ICP poses a significant risk to the fetus of perinatal mortality and reaches 11–20% in untreated cases. Perinatal morbidity and mortality are associated with preterm birth, respiratory distress syndrome, and the presence of meconium in the amniotic fluid [13]. The systematic review of 13 studies found no significant difference in the incidence of intrauterine fetal death in women with ICP compared to the general population. At the same time, there was a higher risk of preterm birth in women with ICP, as well as an increase in the frequency of caesarean section in this group of patients. [14]. Reid R. et al. reported that preterm birth rate in women with ICP was 36%, and Saleh M.M. et al. reported 44% [14]. Compared with these figures, the results of the present study revealed that preterm birth rate was 23.6% in cases complicated by ICP.

Similar to the results of our study, Rosales C. et al. noted an increased incidence of caesarean section in women with ICP up to 36% [13]. This could be attributed to several reasons, including the incidence of preterm birth, possible complications of pregnancy and delivery, including fetal abnormalities detected by cardiotocography, and increased level of meconium amniotic fluid in women with ICP [14].

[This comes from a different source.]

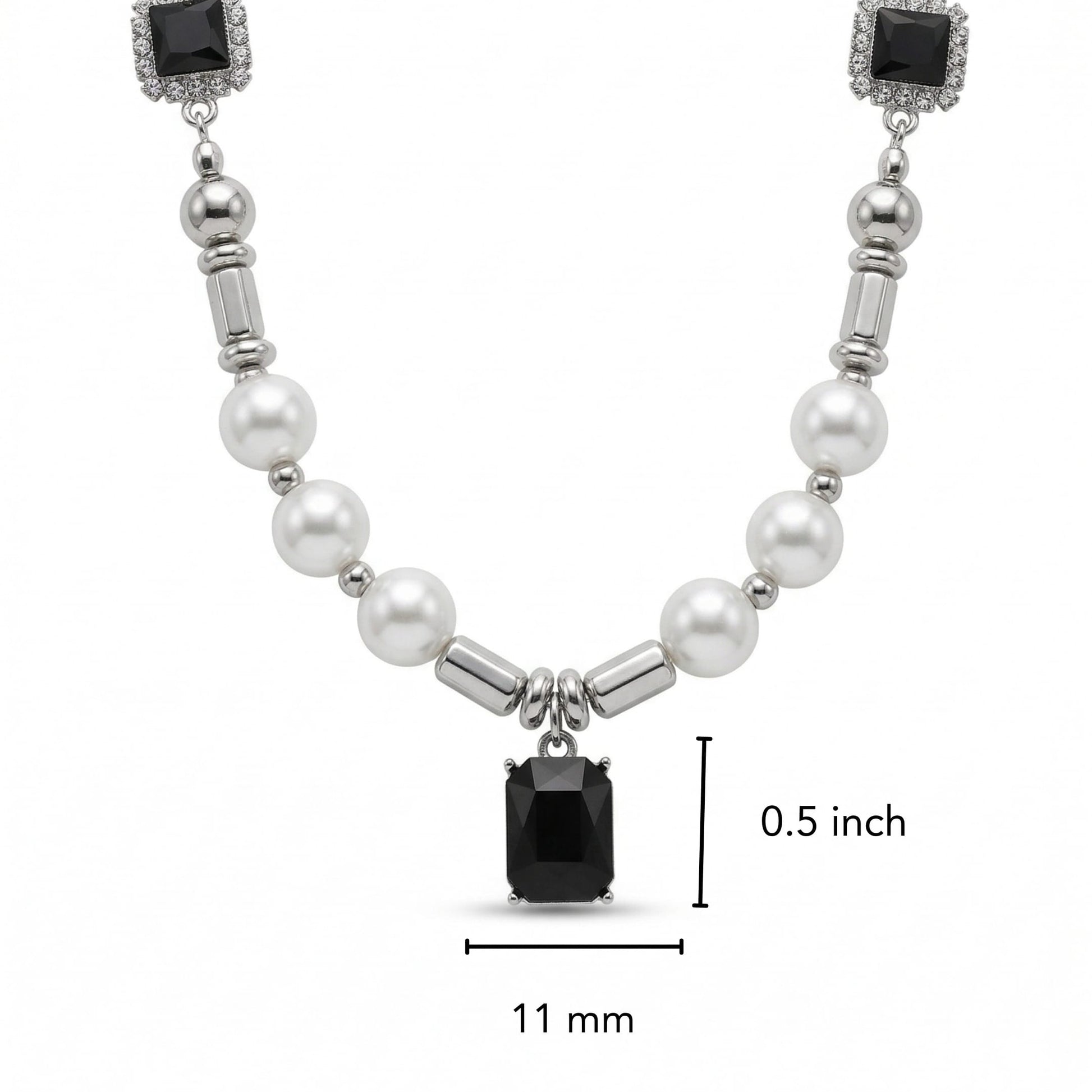 NOIR PEARL - 11mm Titanium Steel Pendant with 18 to 20inch Adjustable Cable 8mm Chain for Men & Boys - THE MEN THING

Meta-analysis showed that in cases of ICP, body weight of babies at birth was lower than in the control group. Moreover, early onset of ICP in the mother was associated with low neonatal birth weight [15]. A number of studies have shown that there is an increased risk of respiratory distress syndrome in the fetus, both in cases of labor induction and in cases of caesarean delivery, regardless of gestational age. There is also some evidence that respiratory distress syndrome in newborns born to mothers with ICP may be a consequence of the pathological process of the disease under study. [3]. According to Arthuis C et al. (2020), as well as the data obtained by us, with ICP, the incidence of respiratory distress syndrome in newborns increases compared to the control group [16].

Conclusion

Thus, ICP is a reversible pathology caused by the changes in liver function associated with pregnancy. Along with the changes in LFT and clinical symptoms in the mother with ICP, a number of complications of pregnancy and delivery are recorded (higher frequency of preterm birth, meconium stained amniotic fluid, fetal distress syndrome), which determine the special clinical significance of the pathology under study. Timely diagnosis and active management of women with ICP can reduce the risks of perinatal complications, both in the mother and in the fetus.